Scanning the Horizon: Some Observations on the Changing Maritime Scene
October 27, 2006
Remarks of Steven R. Blust at the Plimsoll Club New Orleans, LA
Ladies and Gentlemen, it is an honor to be invited to address the members of the World Trade Center, and a great pleasure to be back in New Orleans.
In recognition of the fact that today is Teddy Roosevelt’s birthday, I thought it might be appropriate to preface my remarks with an observation about that great outdoorsman and former President. It would have seemed strange and highly unlikely if, at the turn of the century, someone had predicted that the Assistant Secretary of the Navy who had advocated war with Spain in 1898, and then organized and helped lead the First U.S. Volunteer Cavalry in that war, would in just a few years become the first American Nobel Peace Prize laureate.
But the dynamics of history are rarely linear and often unpredictable. And that famous “Roughrider,” and author of the classic advice to “Speak softly and carry a big stick,” was, in 1906, honored with the Peace Prize for helping negotiate a peace treaty between Russia and Japan that ended the Russo-Japanese War in Manchuria and Korea.
Because history so often presents such surprises, anyone who undertakes to offer predictions has good reason to do so with humility. So I will limit my comments today to a few subjects that I think I can address with some confidence. But, mindful of Teddy Roosevelt’s achievements, I shall predict softly and carry a few caveats.
My crow’s nest in Washington is a 10th floor office a few blocks North West of the Capitol Building, so whenever I scan the horizon, the legislative branch of our national government figures prominently in my view. And that, I believe, is a good thing - since Congress plays, has played, and will play a major role in the transportation topics I’ll be commenting on today.
And, as chairman of an independent federal agency, I am also much in contact with representatives of the U.S. executive departments involved with transportation, international trade, and maritime security.
Beyond the various government officials I’ve had the pleasure to work with, I also have frequent - and often intellectually valuable - contact with representatives of the various industries that offer, use, or provide services to international liner shipping.

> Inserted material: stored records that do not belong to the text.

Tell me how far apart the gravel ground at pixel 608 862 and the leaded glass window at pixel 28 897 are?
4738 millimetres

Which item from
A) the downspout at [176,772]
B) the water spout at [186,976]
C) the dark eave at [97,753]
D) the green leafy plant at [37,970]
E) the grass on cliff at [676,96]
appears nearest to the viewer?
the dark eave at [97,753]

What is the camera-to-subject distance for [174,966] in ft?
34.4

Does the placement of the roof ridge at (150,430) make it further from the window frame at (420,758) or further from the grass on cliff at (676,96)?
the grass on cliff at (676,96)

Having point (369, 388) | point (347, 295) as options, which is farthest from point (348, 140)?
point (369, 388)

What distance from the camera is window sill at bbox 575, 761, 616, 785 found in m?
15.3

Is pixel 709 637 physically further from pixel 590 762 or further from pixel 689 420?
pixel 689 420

Access to all these perspectives - legislative, executive, and private sector - play a part in helping me and my fellow FMC commissioners perform the job Congress assigned to us: Promoting fairness and efficiency in U.S. ocean commerce. Those diverse perspectives also play an important part in shaping my awareness of what may lie ahead on the metaphorical horizon.

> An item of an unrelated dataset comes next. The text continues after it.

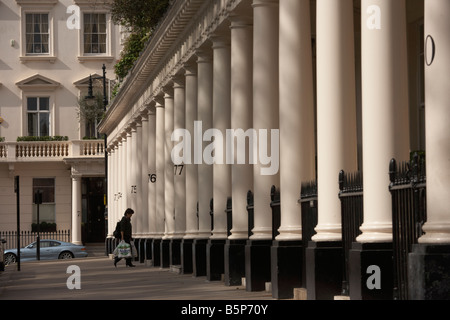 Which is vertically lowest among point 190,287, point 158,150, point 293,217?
point 190,287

Since today’s comments are to deal with “the changing maritime scene,” it would not be unreasonable if you came expecting to hear statistics on the exploding growth of America’s international trade, pronouncements on proposed expansion of the Panama Canal, opinions on the likely consequences of the ever expanding size of new liner vessels, insights on the long-term impact the Dubai Ports episode, or similar well-known and much discussed topics. But instead, I’d like to focus on a couple of less publicized, but nevertheless very important, items.
Two particular topics of growing importance seem to me to be worth highlighting. And a third one, concerning the international regulation of liner shipping - which has been getting press attention in Europe lately - may also merit a brief mention.
The first topic is maritime security - security plans, procedures, and actions pertaining to vessels, to the cargo that moves on those vessels, to the ports at which that cargo is loaded and unloaded, and to our national economy as a whole - which increasingly depends on the free and efficient flow of international trade.
The second topic - less well publicized, but well deserving of greater public attention - is the question of future funding for landside freight infrastructure. And although the phrase, “future funding for freight infrastructure” may be strongly alliterative, it’s neither poetic to the ear, nor much in the public eye. Nevertheless, it’s an issue that everyone involved with, or even interested in, ocean shipping and logistics understands is of critical and immediate importance.
Closely associated with ocean freight infrastructure issues - especially in our major port cities - is the growing concern with the various environmental impacts of shipping.
These topics overlap, of course. Rapid trade growth presents heightened security challenges and puts ever greater pressure on inland infrastructure - the expansion of which can have local and even regional environmental effects. So, even though I may discuss them separately, it’s useful to remember that these topics are linked in ways that are sometimes direct and obvious, sometimes indirect and obscure.
In the months and years following the attacks of September 11, 2001, the U.S. government, the nation’s public ports, US importers and exporters, and the companies providing international shipping services have been working together to identify and address vulnerabilities related to America’s maritime trade. And that cooperative effort quickly expanded to include our major trading partners. In particular, America and its international partners have developed a container security initiative for ports - an initiative to establish pre-loading container inspection procedures and protocols. That initiative has been expanded to include some 44 foreign ports from which (collectively) more that 75% of our nation’s containerized imports (by volume) are loaded.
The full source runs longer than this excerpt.